Seek out ambassadors, but don’t push: LGBT+ employees can act as ambassadors to help a company build trust among other LGBT+ workers and prospective new talent, speakers said. Companies should seek out such potential representatives, but without assuming they will want to take on the responsibility.

  • “Nobody knows better what the experience is like than somebody who’s going through it,” said Goodyear Tire & Rubber Company Senior Engineer Arwen Kathke, who is also the community outreach chair for the Goodyear pride network. “Including those employees in your decision-making processes and having those conversations with them to understand what their experience is will go a long way.”
  • “We’ve really spent a lot of time educating” our workforce, Drake said. “It’s not the responsibility of every LGBTQ+ employee in our organization to explain what [LGBT+] means. We’ve actually put some of our employees who were willing through storytelling training; they felt very comfortable being able to share and tell their stories in large meetings and on videos and podcasts, and that was very powerful. But [you don’t want] to make it feel like the one person in the room who [identifies as LGBT+] has to be the only one who can speak on that topic.”

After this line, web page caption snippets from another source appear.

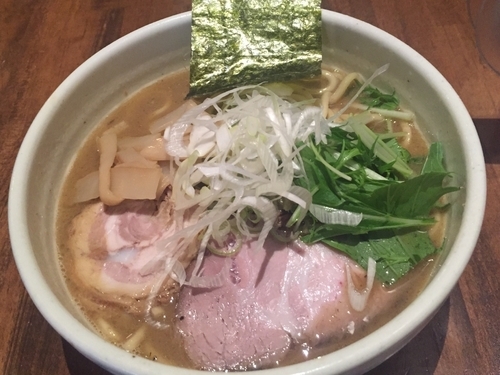 「濃い出汁そば¥800＋大盛¥50」@日本橋 製麺庵 なな蓮の写真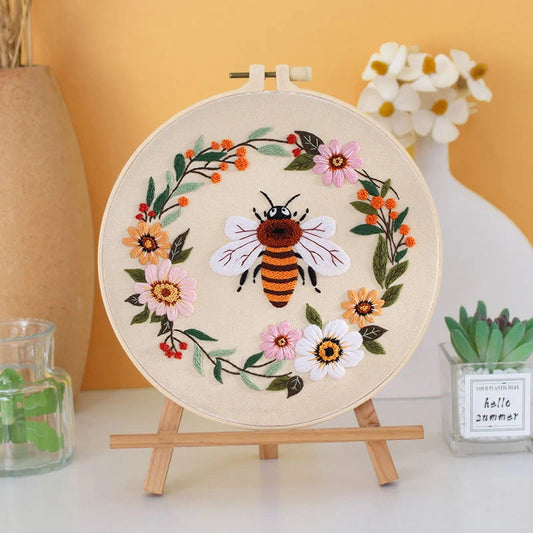 Bee Embroidery Kit for Beginner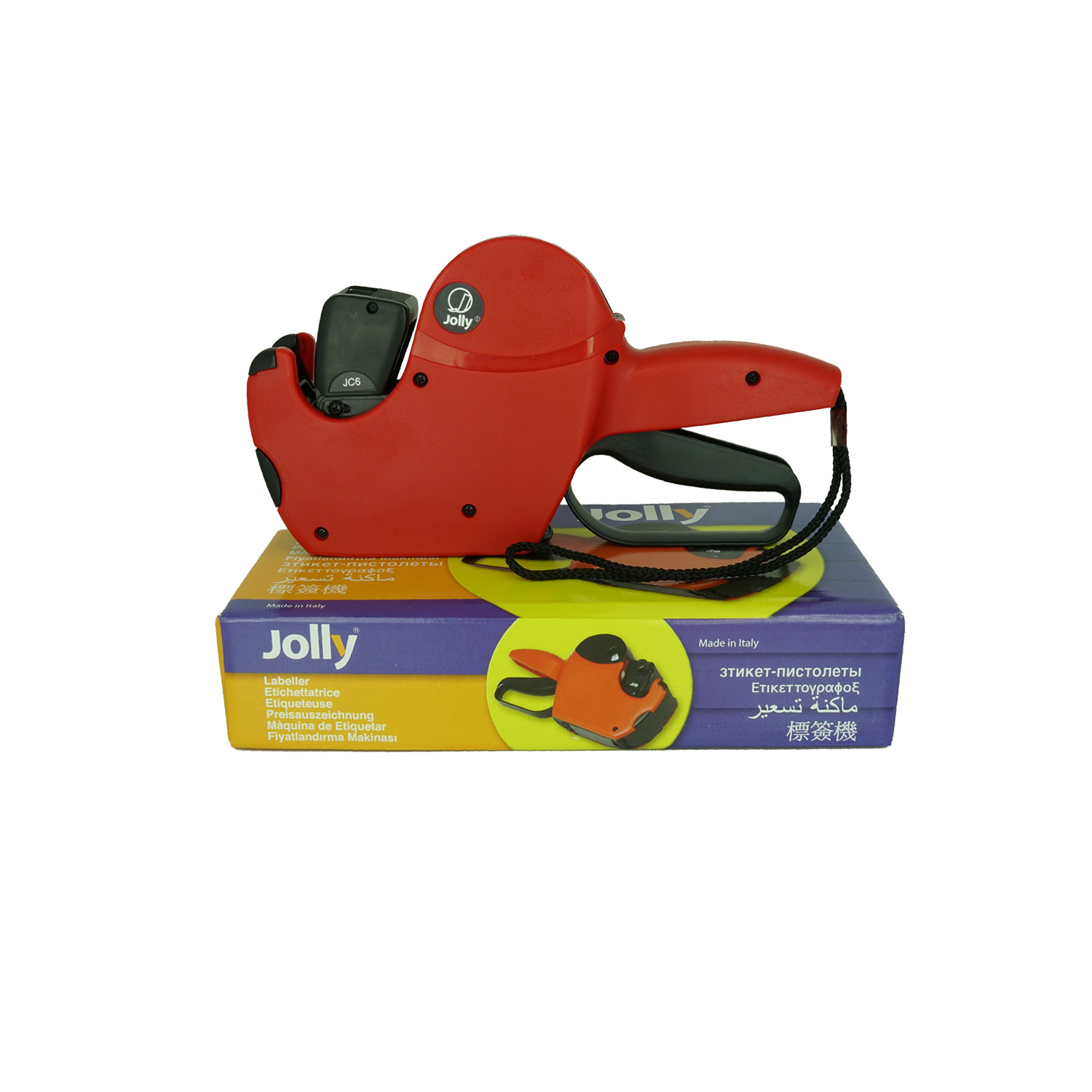 Preisauszeichner Set JOLLY C8 – Mit Etiketten Nach Wahl, Wellenrand, 26x12 Mm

Measuring success: How can manufacturers determine whether they’re reaching LGBT+ talent? There are various way, panelists said.

  • “There’s one great metric that’s going to help any organization understand 100% if it’s inclusive: Do you allow people to self-identify?” Drake said.
  • Another way is to review employee representation data, as well as the number of self-identifying people moving through leadership-development pipelines into leadership positions.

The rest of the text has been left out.